WHAT IS BEING ASKED
Reproduce every record verbatim but drop the pictures.

-- TASK INPUT follows --

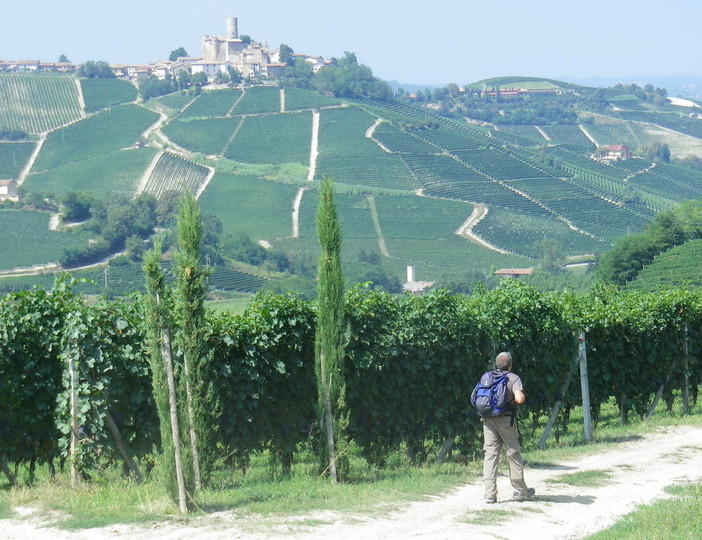 Da Colle di Nava alla scoperta del Barolo, domenica il Tour con la guida Marco Rosso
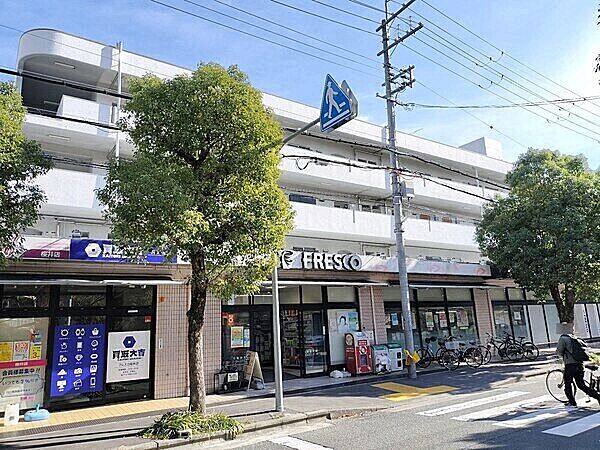 フレスコ桜井店まで約1047m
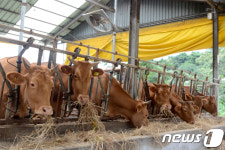 충북 깨끗한 축산농장 450개로 늘린다…올해 80곳 목표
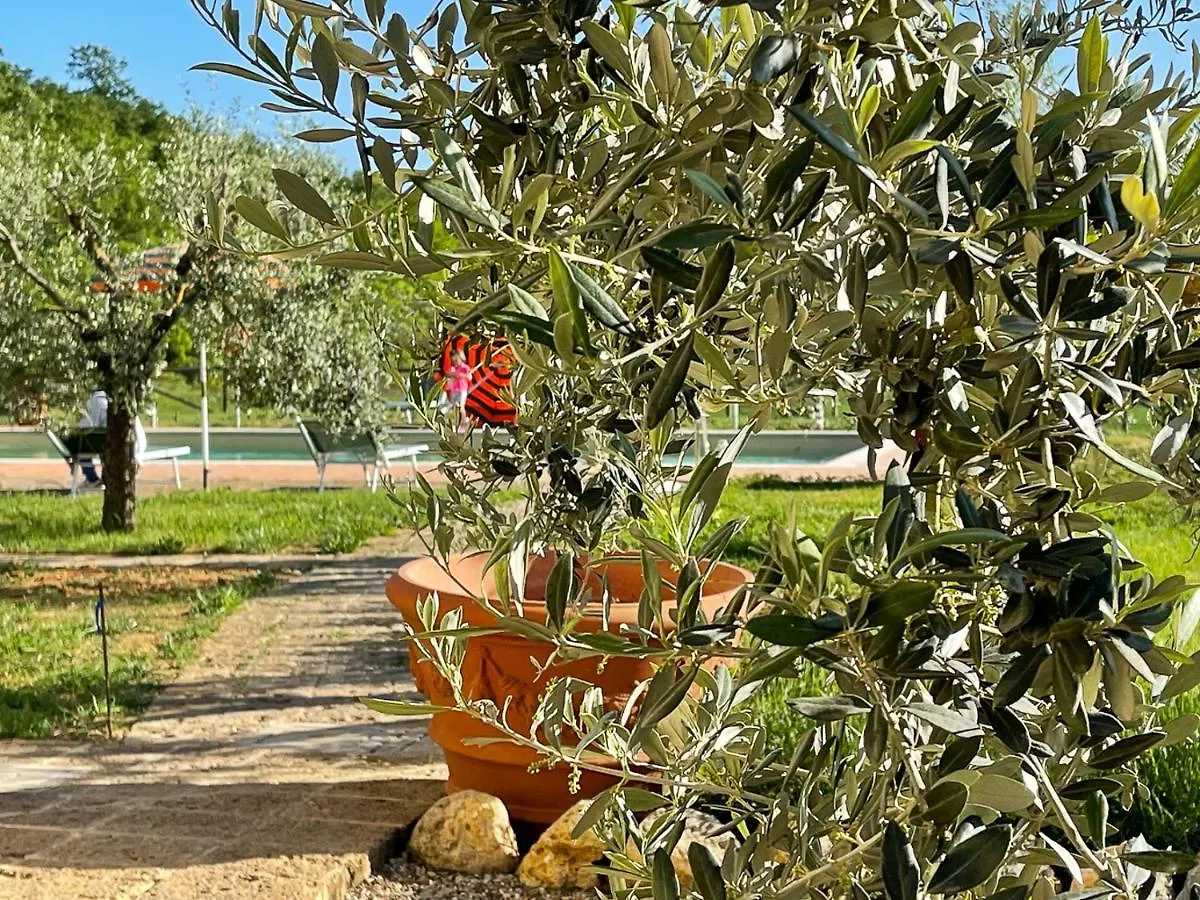 Tuscany Stylish Apartments With Pool Borgo Pian Di Sala San Gimignano
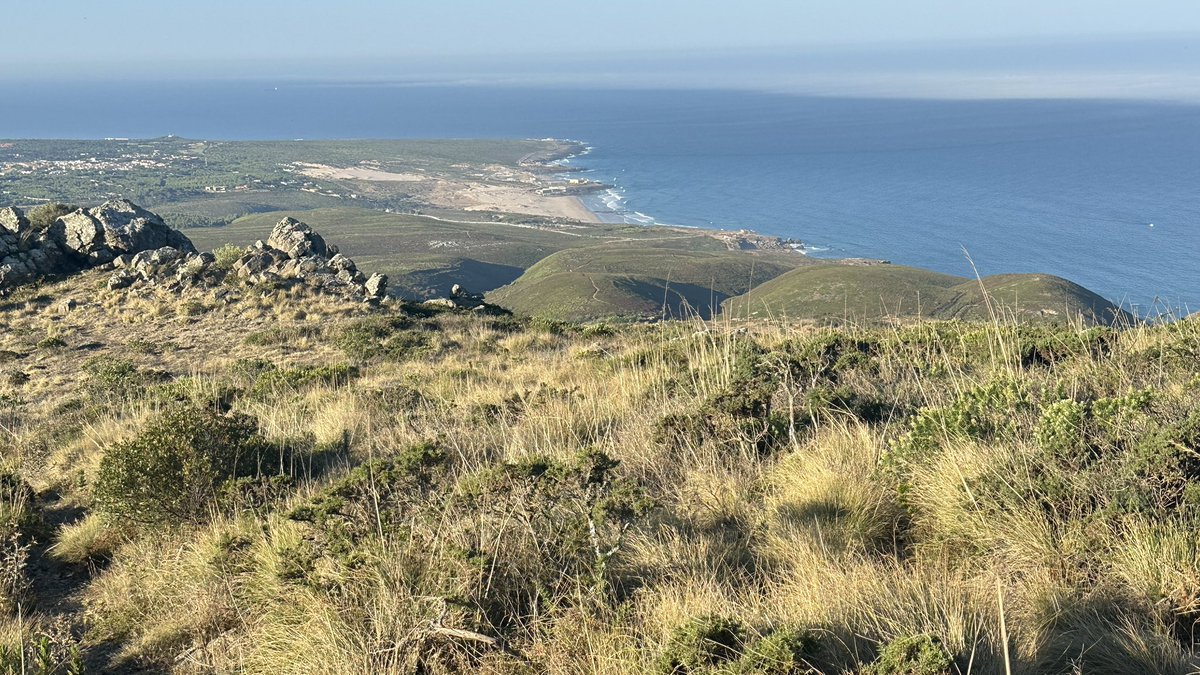 danicuki's tweet image. Biking up to Sintra today, I've met a man with his 19 year old daughter. He asked me about my work and suddenly we were talking for 20 minutes about @polkadot and crypto. This is when I realize I live in the right place. Love Portugal 🇵🇹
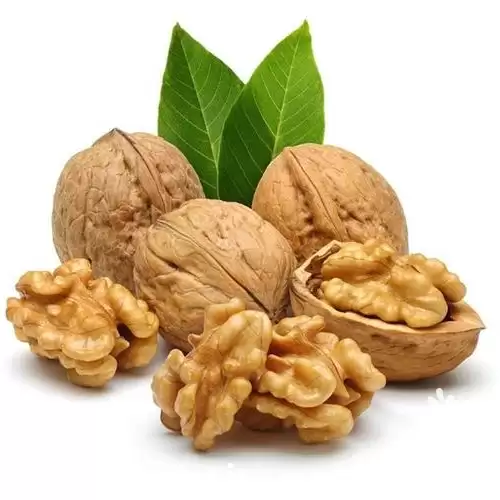 قیمت خرید انواع روغن ارگانیک در قم در گروه خرید و فروش انواع روغن در یکمیوه -عکس1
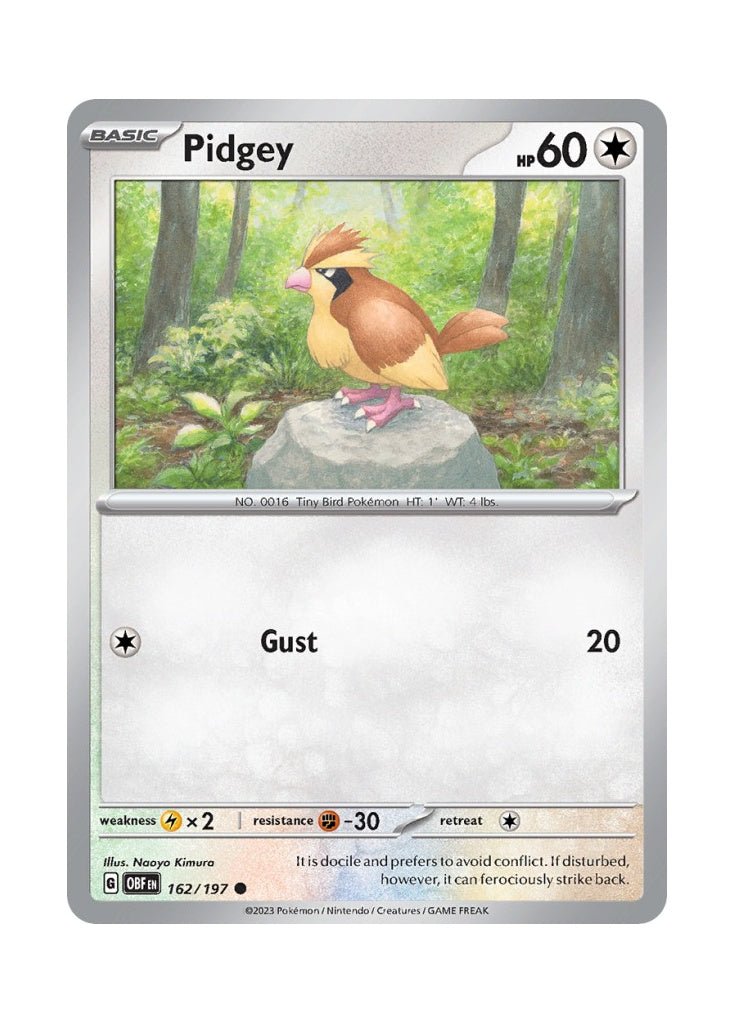 Pidgey – Obsidian Flames (162)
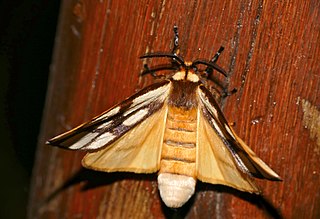 <i>Anaphe reticulata</i> Species of moth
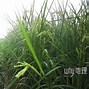 u钱包靠谱吗-u钱包2021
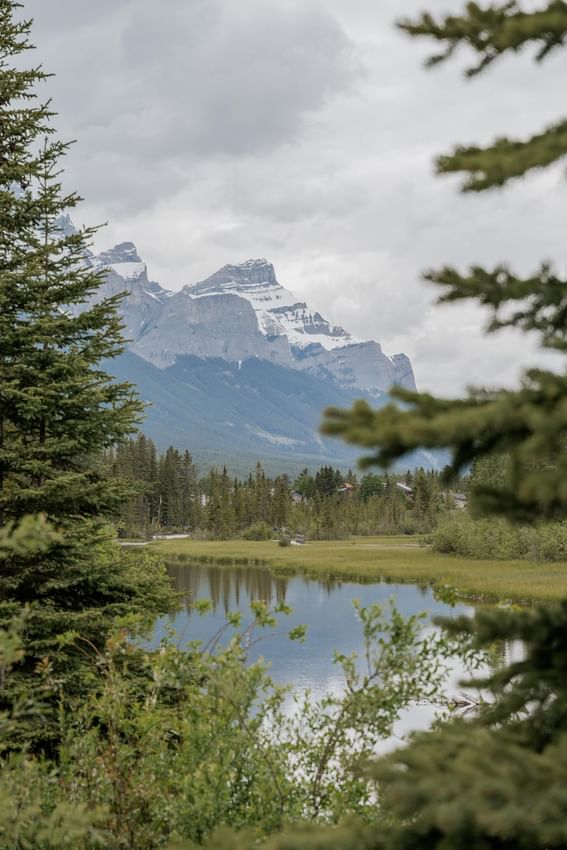 Snow-capped mountains behind a serene lake by trees near Spring Creek Vacations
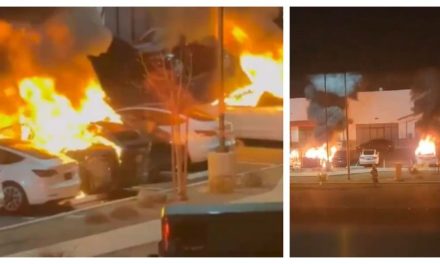 Incendian varios vehículos Tesla en Las Vegas: investigación en curso (Video)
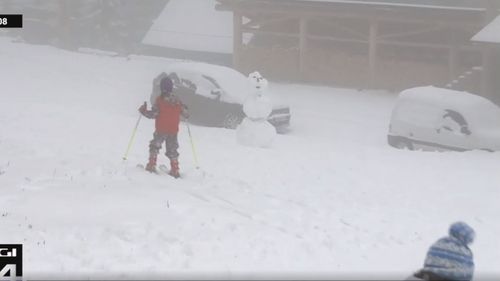 Cod galben de vânt puternic la munte, în opt județe, cu rafale de peste 90 km/h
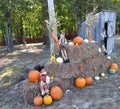 Fall Decorations Of Pumpkins, Hay Bales And An Outhouse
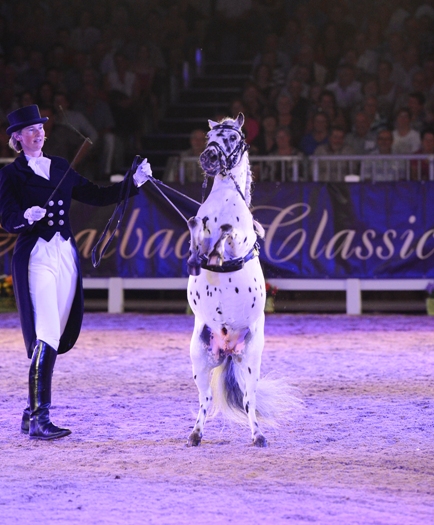 Marbach Classics 2012 (Foto: Maximilian Schreiner)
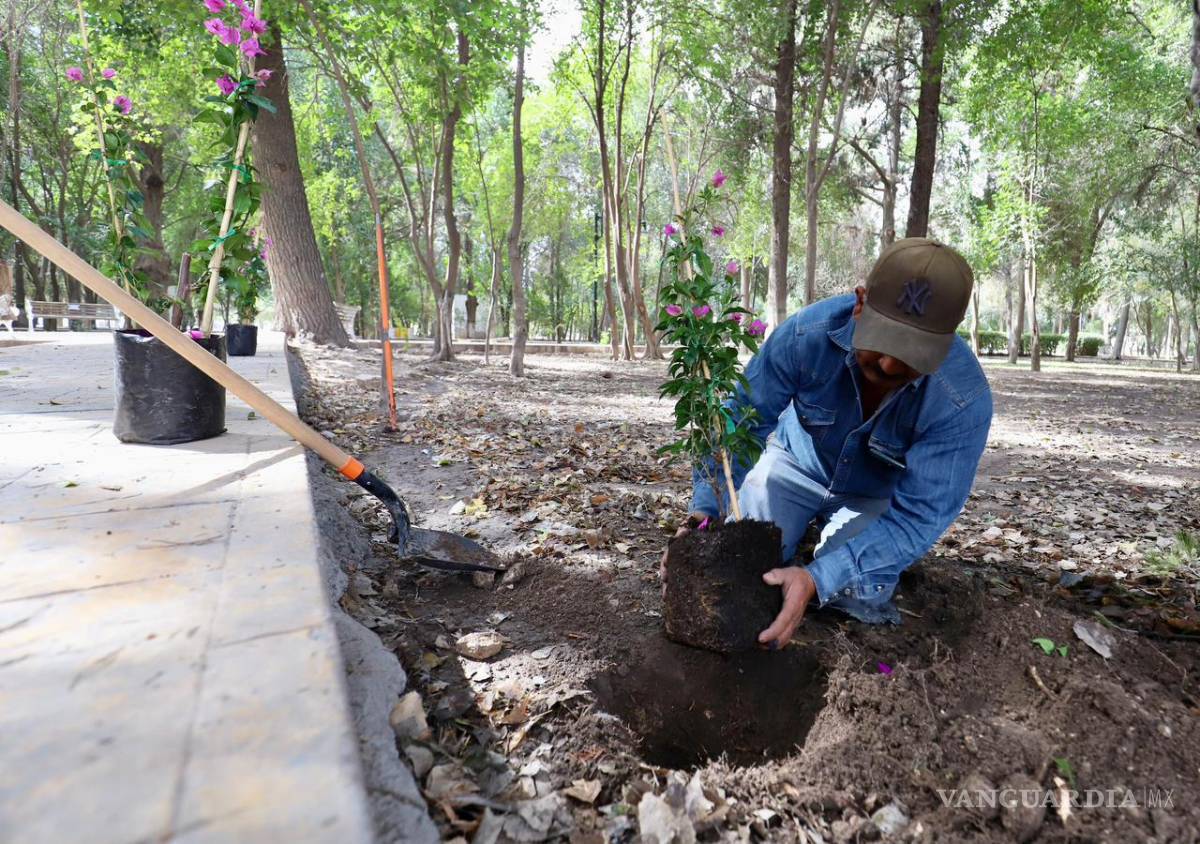 $!Las acciones representan un respeto al valor histórico y social del sitio emblemático.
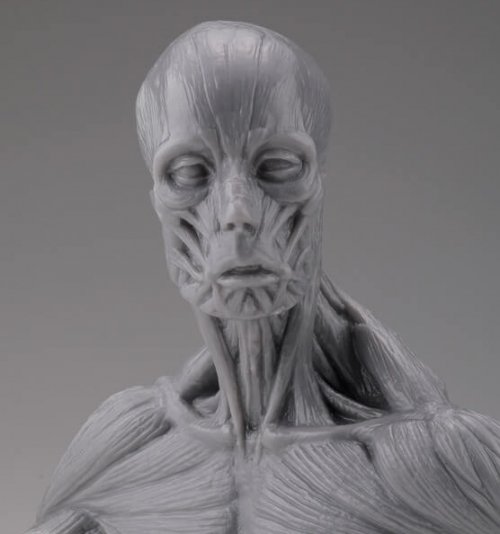 フィギュア ソフトビニール製 アナトミー胸像 完成品フィギュア アニメイト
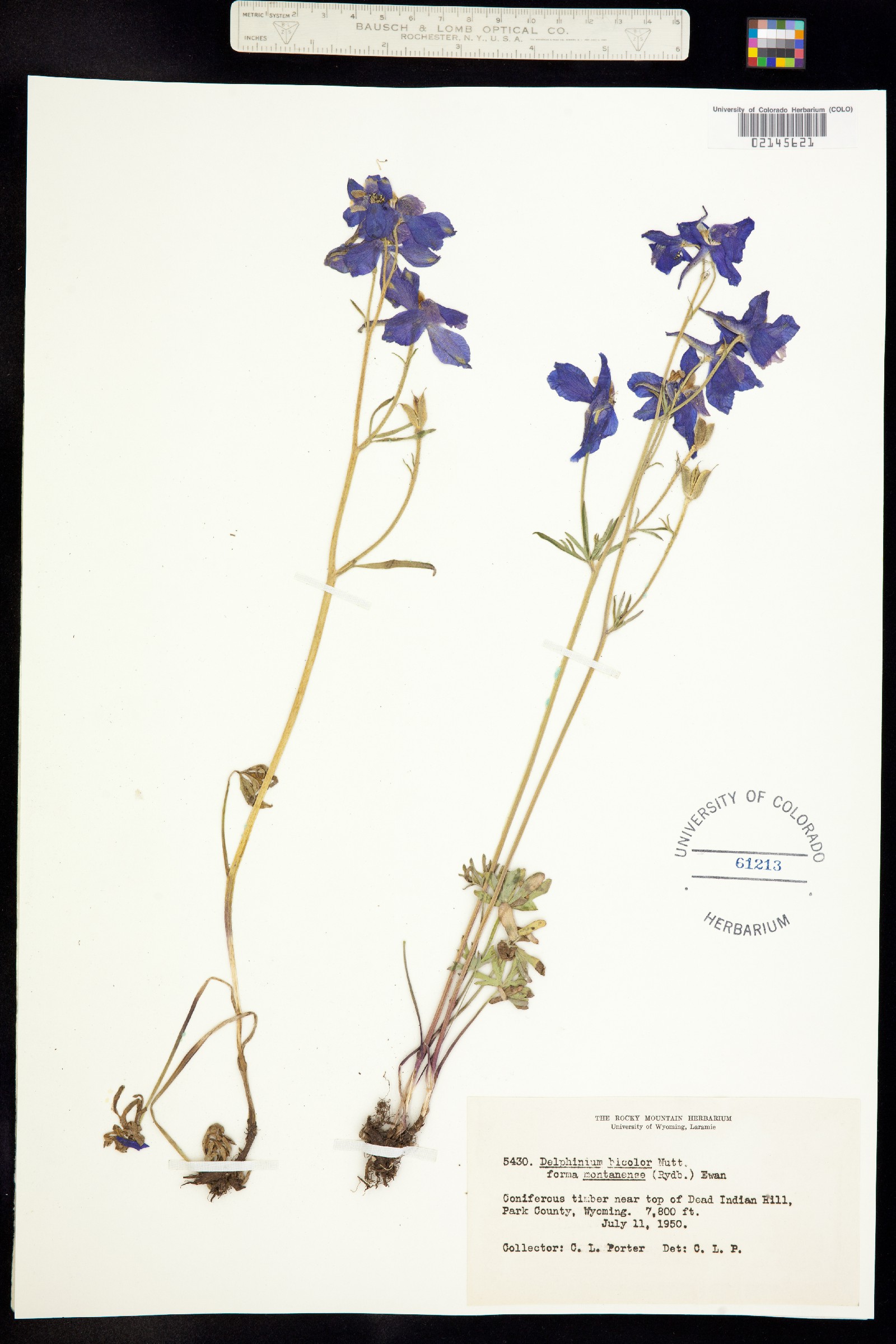 Delphinium bicolor image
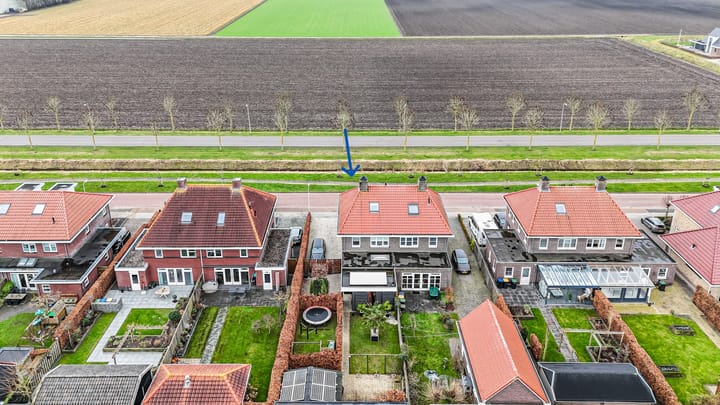 Foto 49 van Aronskelk 6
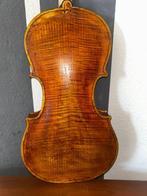 Labelled Domenico Migliorati - - Viole - Inconnu (Sans prix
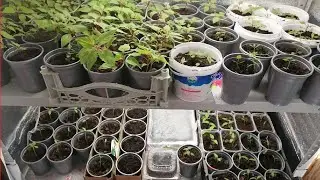 Стеллаж для рассады. Моя рассада. Краснодарский край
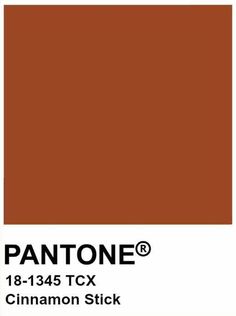 pantone's cinnamon stick color is shown in the image, and it looks to be
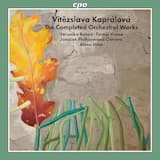 Piano Concerto in D minor, op. 7: II. Largo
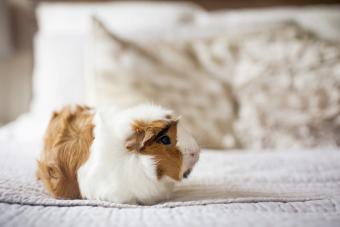 Peruvian Guinea pig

-- TASK INPUT concluded --

COMPLETED EXERCISE
 Da Colle di Nava alla scoperta del Barolo, domenica il Tour con la guida Marco Rosso
 フレスコ桜井店まで約1047m
 충북 깨끗한 축산농장 450개로 늘린다…올해 80곳 목표
 Tuscany Stylish Apartments With Pool Borgo Pian Di Sala San Gimignano
 danicuki's tweet image. Biking up to Sintra today, I've met a man with his 19 year old daughter. He asked me about my work and suddenly we were talking for 20 minutes about @polkadot and crypto. This is when I realize I live in the right place. Love Portugal 🇵🇹
 قیمت خرید انواع روغن ارگانیک در قم در گروه خرید و فروش انواع روغن در یکمیوه -عکس1
 Pidgey – Obsidian Flames (162)
 <i>Anaphe reticulata</i> Species of moth
 u钱包靠谱吗-u钱包2021
 Snow-capped mountains behind a serene lake by trees near Spring Creek Vacations
 Incendian varios vehículos Tesla en Las Vegas: investigación en curso (Video)
 Cod galben de vânt puternic la munte, în opt județe, cu rafale de peste 90 km/h
 Fall Decorations Of Pumpkins, Hay Bales And An Outhouse
 Marbach Classics 2012 (Foto: Maximilian Schreiner)
 $!Las acciones representan un respeto al valor histórico y social del sitio emblemático.
 フィギュア ソフトビニール製 アナトミー胸像 完成品フィギュア アニメイト
 Delphinium bicolor image
 Foto 49 van Aronskelk 6
 Labelled Domenico Migliorati - - Viole - Inconnu (Sans prix
 Стеллаж для рассады. Моя рассада. Краснодарский край
 pantone's cinnamon stick color is shown in the image, and it looks to be
 Piano Concerto in D minor, op. 7: II. Largo
 Peruvian Guinea pig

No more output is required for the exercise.